State Sen. Mike Bennett, R-Bradenton, sponsor of the Senate version of the deregulation bill (SB 876), conceded Wednesday that “we just didn’t feel this was the right year” for passage. One of the biggest obstacles, he said, is Crist’s strong opposition to the bill and his support for Insurance Commissioner Kevin McCarty, another critic.
“The governor continues to listen to a person who has proven to me to be totally inept,” Bennett said. “Until the governor decides to replace Mr. McCarty — the way he should have last year, when he lied to the governor and the Cabinet — I don’t think we have a chance of any insurance reform.”
It is also a political calculation. Legislative leaders don’t want to give Crist another easy victory with a veto, as they did with an teacher merit pay bill and a campaign finance overhaul earlier this session, which Crist also vetoed.
Crist, who is trailing Marco Rubio in a Republican primary for U.S. Senate and weighing a run as an independent, received a recent jolt on the campaign trail after vetoing the education overhaul bill.
Last year, the governor rejected a similar deregulation measure aimed at major insurance companies like State Farm.
Crist on Wednesday defended his veto threat and said he was “very happy” it forced lawmakers to withdraw the legislation.
“We do need to try to protect the consumers of the state,” he said, emphasizing that, to him, that means “not allowing those rates to be increased on their backs at this time in this economy.”
With a week and a half remaining in the Florida Legislature’s session, it is still possible a compromise could emerge.

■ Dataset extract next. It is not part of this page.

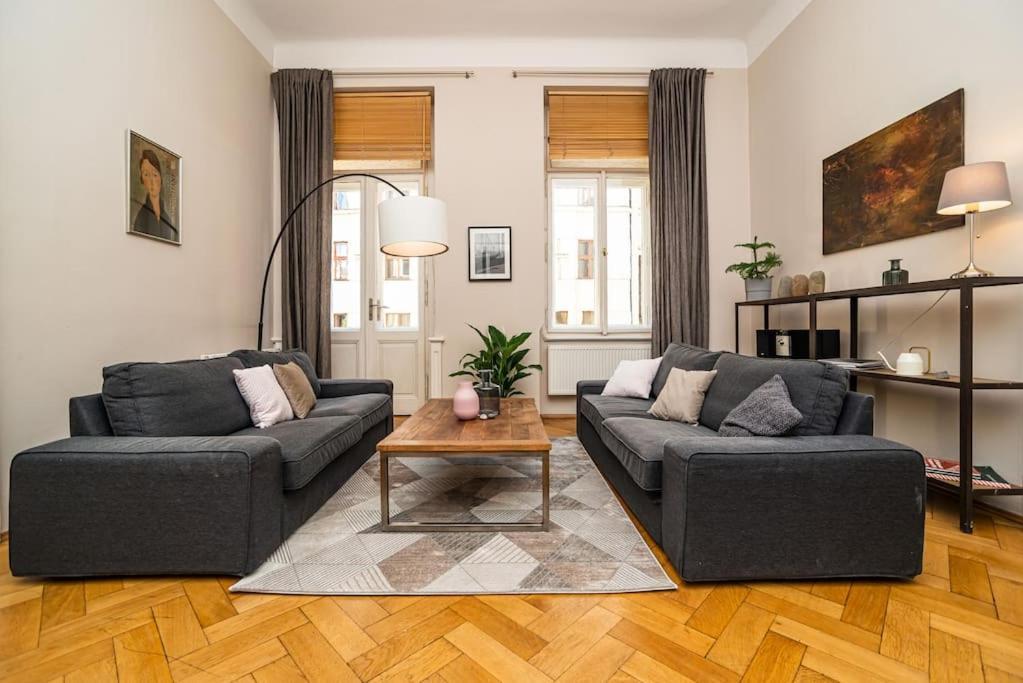 Large And Modern Apartment In The Heart Of Прага Екстер'єр фото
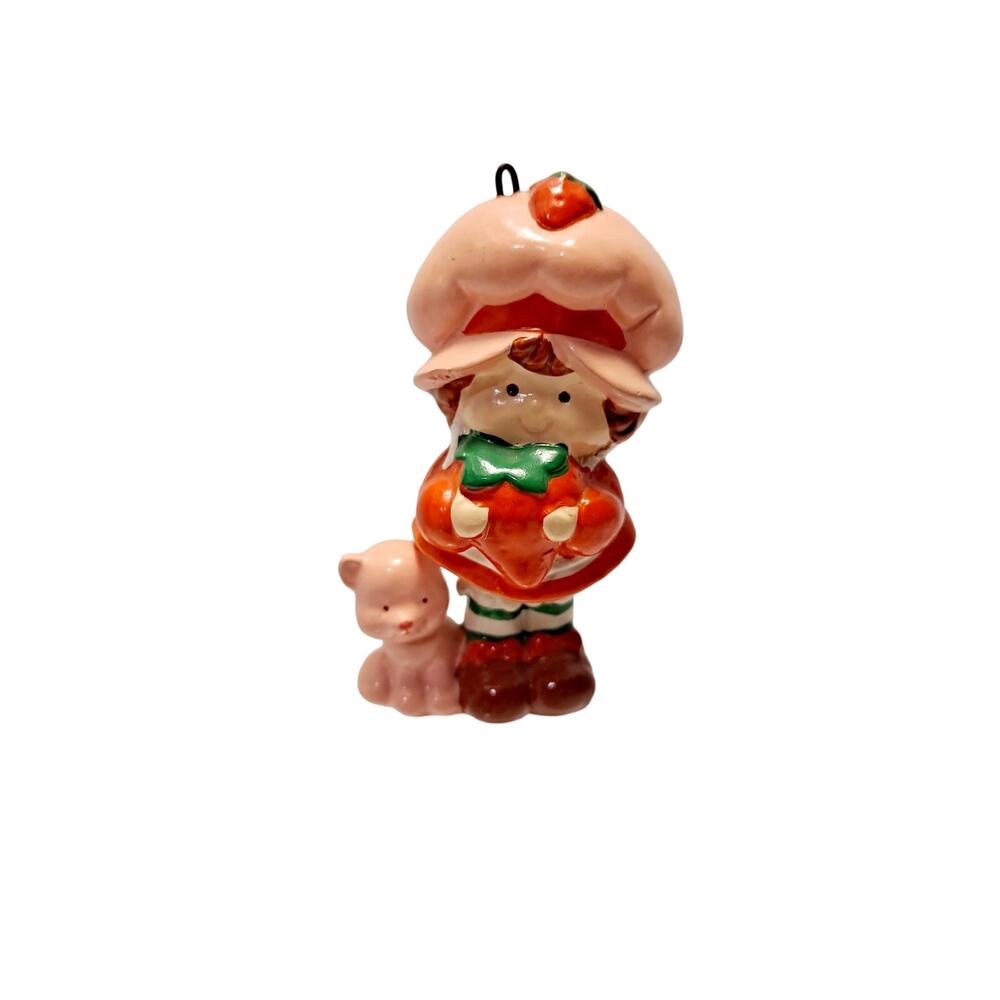 RARE vintage 80's Strawberry shortcake ceramic ornament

But it would need Crist’s consent to go forward.
Another insurance measure is pending in the Senate. Containing a hodgepodge of proposals, the bill (SB 2044) could lead to higher insurance rates, fewer hurricane-mitigation discounts and more red tape to get full replacement costs for damaged property.
Other pieces of insurance legislation still on the table include a three-year limit on hurricane insurance claims, a streamlined sinkhole litigation process, and a provision to let regulators better supervise payments that struggling insurers make to the managing general agencies that oversee them.
But that legislation is less controversial than the deregulation bill, which would let insurance companies raise rates up to 10 percent as a statewide average, with hikes capped at 20 percent. The Florida Office of Insurance Regulation under McCarty currently has the authority to reject rate requests that are deemed excessive.